Record excerpts »
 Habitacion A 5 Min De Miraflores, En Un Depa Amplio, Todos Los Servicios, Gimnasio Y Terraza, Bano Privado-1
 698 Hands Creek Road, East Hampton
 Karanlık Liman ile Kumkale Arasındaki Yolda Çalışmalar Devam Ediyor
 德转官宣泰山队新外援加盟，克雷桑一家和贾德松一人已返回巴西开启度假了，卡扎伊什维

---

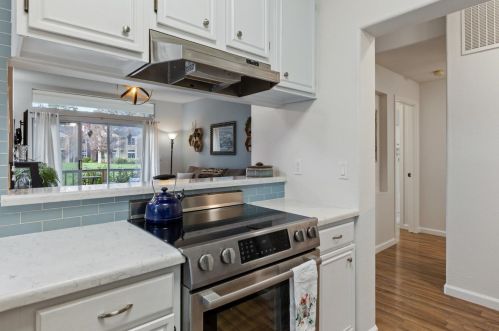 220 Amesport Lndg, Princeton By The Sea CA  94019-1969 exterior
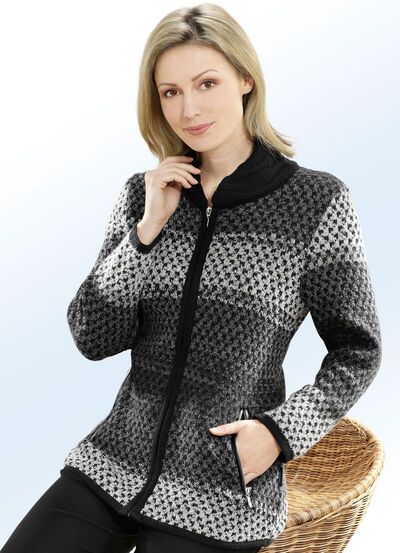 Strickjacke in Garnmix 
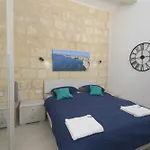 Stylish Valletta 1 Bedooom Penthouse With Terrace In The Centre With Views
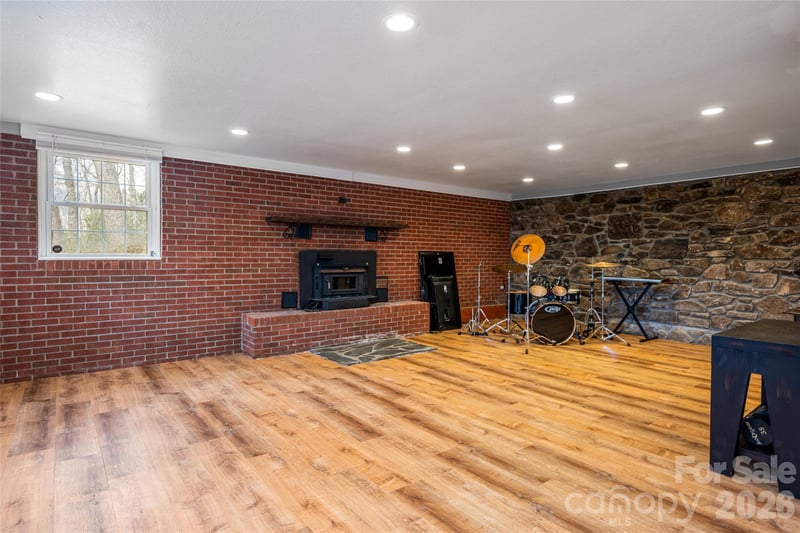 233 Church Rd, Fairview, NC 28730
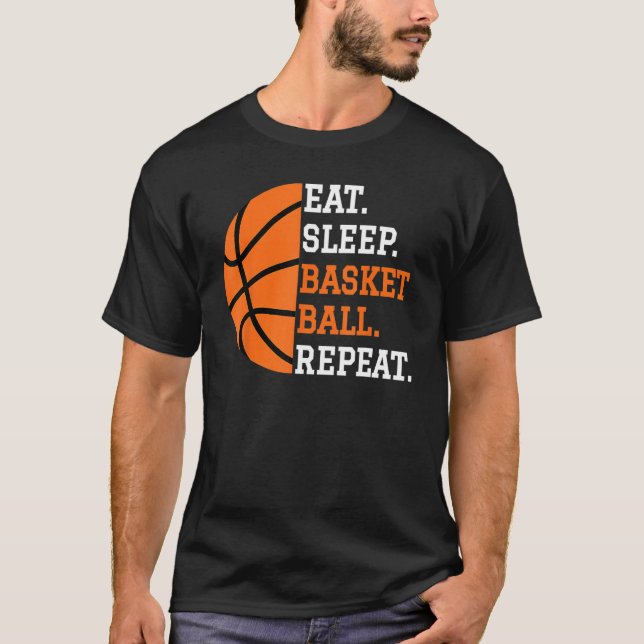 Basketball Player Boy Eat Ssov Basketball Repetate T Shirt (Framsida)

* * *

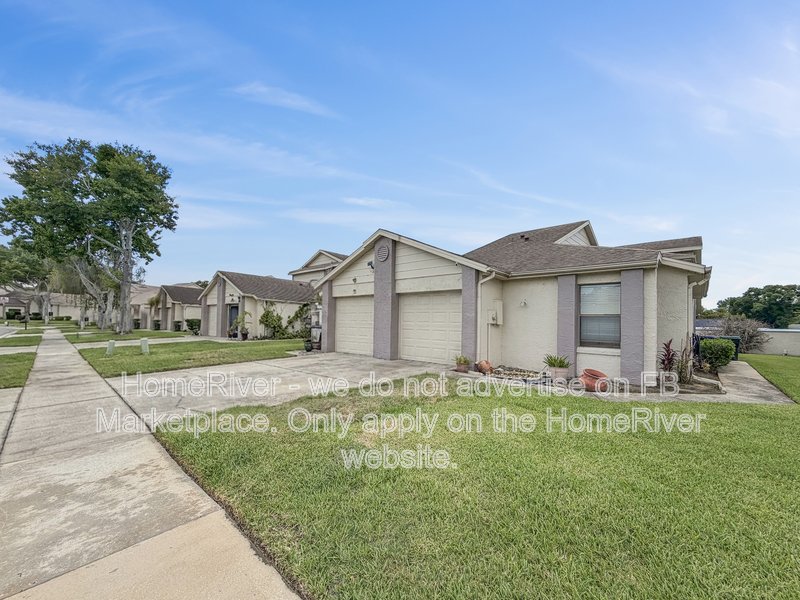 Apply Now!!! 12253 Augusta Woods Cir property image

Brief »
Please transcribe exactly the part of the records that opens with the line containing "Stylish Valletta 1" and closes with the line containing "Basketball Player Boy", both ends included, and leave out the pictures.

Result of this exercise »
 Stylish Valletta 1 Bedooom Penthouse With Terrace In The Centre With Views
 233 Church Rd, Fairview, NC 28730
 Basketball Player Boy Eat Ssov Basketball Repetate T Shirt (Framsida)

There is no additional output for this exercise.